Dia berada di jalur untuk bergabung dengan Michael Phelps sebagai perenang satu-satunya yang memenangkan lima gelar individu dalam kejuaraan dunia tunggal. "Masih senang dengan emas dan berharap dapat mempertahankan rekor saya kali berikutnya," katanya.

Yu berada di peringkat keempat dengan waktu 2 menit 09,21 detik dalam final Kejuaraan Dunia pertamanya, sebelum mengalami sedikit penurunan setelah menjadi yang tercepat saat start dan berada di posisi ketiga.

Siswi sekolah tersebut juga akan berlaga di Singapura dalam nomor 400m gaya dan 200m kupu-kupu.

"Dia jelas sangat luar biasa berbakat di usia muda dan saya pikir akan menarik untuk melihat bagaimana dia menghadapi pertandingan ini," kata peraih medali perak Walsh tentang prodigy Tiongkok itu.
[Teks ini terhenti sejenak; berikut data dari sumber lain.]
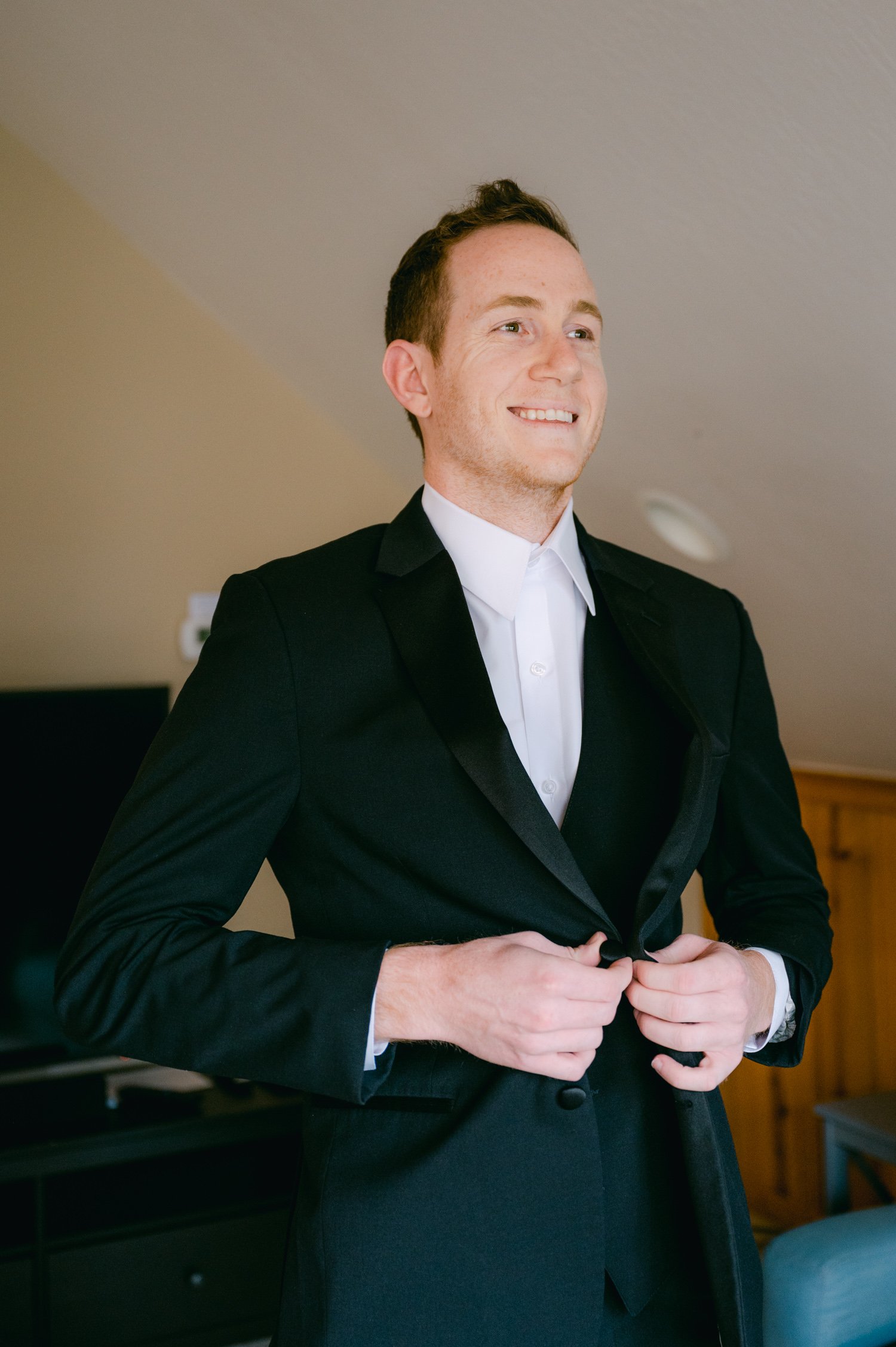 Lake Tahoe elopement, photo of groom putting on his suit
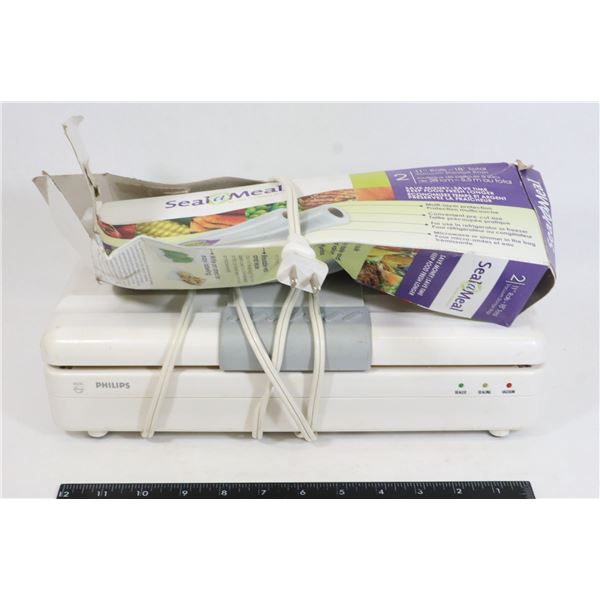 VACUUM SEALER WITH PARTIAL ROLL OF BAGS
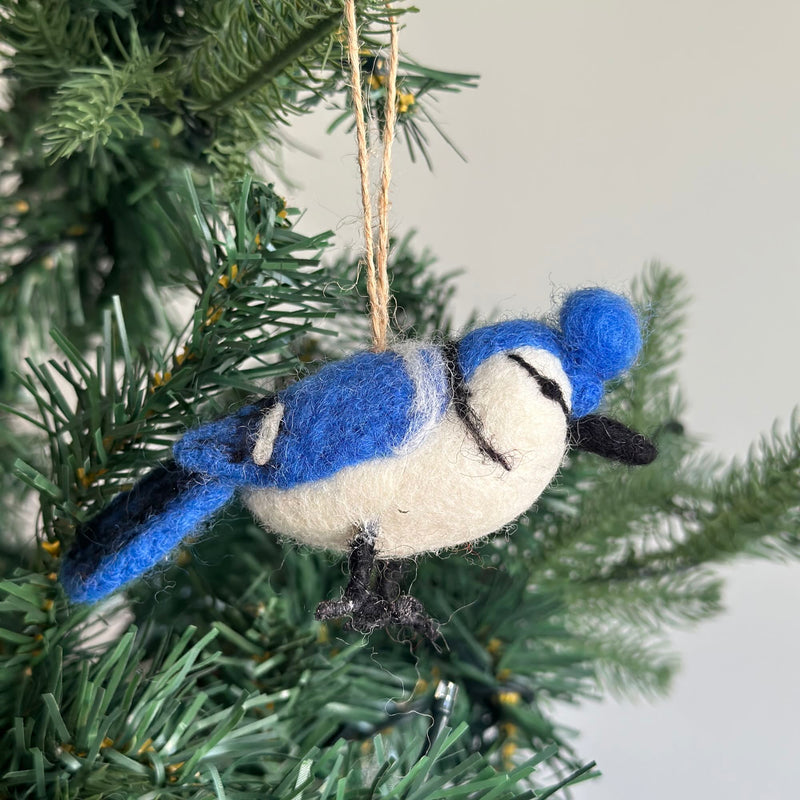 A needle felted blue jay ornament hangs from a jute string on a Christmas tree. The blue jay features vibrant blue and white plumage, detailed with black felt accents, adding a festive touch of nature to the holiday decor.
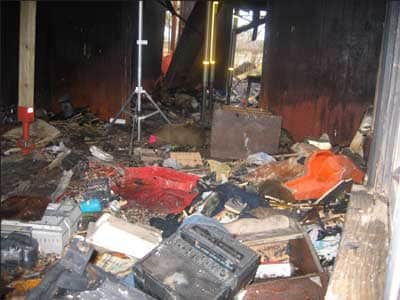 Photo 1. Note cluttered condition of floor in living room.
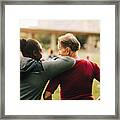 Man And Woman Talking While Looking At Senior Friends In Park Framed Print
Gretchen Walsh melewati sakit perutnya untuk meraih kemenangan dominan dalam nomor 100m kupu-kupu.

Pemegang rekor dunia meraih emas dalam waktu 54,73 detik - waktu tercepat kedua dalam sejarah - di depan Roos Vanotterdijk dari Belgia (55,84) dan Alexandria Perkins dari Australia (56,33).

Tim Amerika Serikat mengalami wabah gastroenteritis akut dan Walsh mengatakan dia terkena dampaknya menjelang lomba.

"Beberapa hari terakhir tubuh saya sangat rapuh," kata atlet berusia 22 tahun itu.

Saya perlu memberi diri saya kasih sayang, dan untungnya saya punya pagi untuk pulih dan beristirahat, serta saya memanfaatkannya.

"Itu membantuku secara besar-besaran menjelang malam ini." Walsh memecahkan rekor dunia 54,60 detik pada bulan Mei.

Dia mengatakan dia harus "mengevaluasi kembali harapan saya" untuk kejuaraan dunia setelah pertarungannya melawan penyakit, tetapi memperoleh kejutan dengan penampilannya.

"Aku sangat senang," katanya.

Saya benar-benar bahagia bahwa ketika semuanya penting, saya mampu melakukan itu dan menggapai dindingnya.

Qin Haiyang Tiongkok menatap kejayaan di Los Angeles 2028 setelah mengalahkan juara Olimpiade Nicolo Martinenghi untuk merebut kembali gelarjuara 100m gaya dada.

Qin pulih dari awal yang lambat untuk menang dalam 58,23 detik, mengalahkan Martinenghi Italia (58,58) dan Denis Petrashov Kyrgyzstan (58,88).

Qin memenangkan semua tiga nomor gaya dada di Kejuaraan Dunia 2023 di Jepang, memecahkan rekor dunia 200m. Tapi dia gagal total di Olimpiade Paris tahun lalu, menyelesaikan peringkat ketujuh setelah unggul di putaran final gaya dada 100m.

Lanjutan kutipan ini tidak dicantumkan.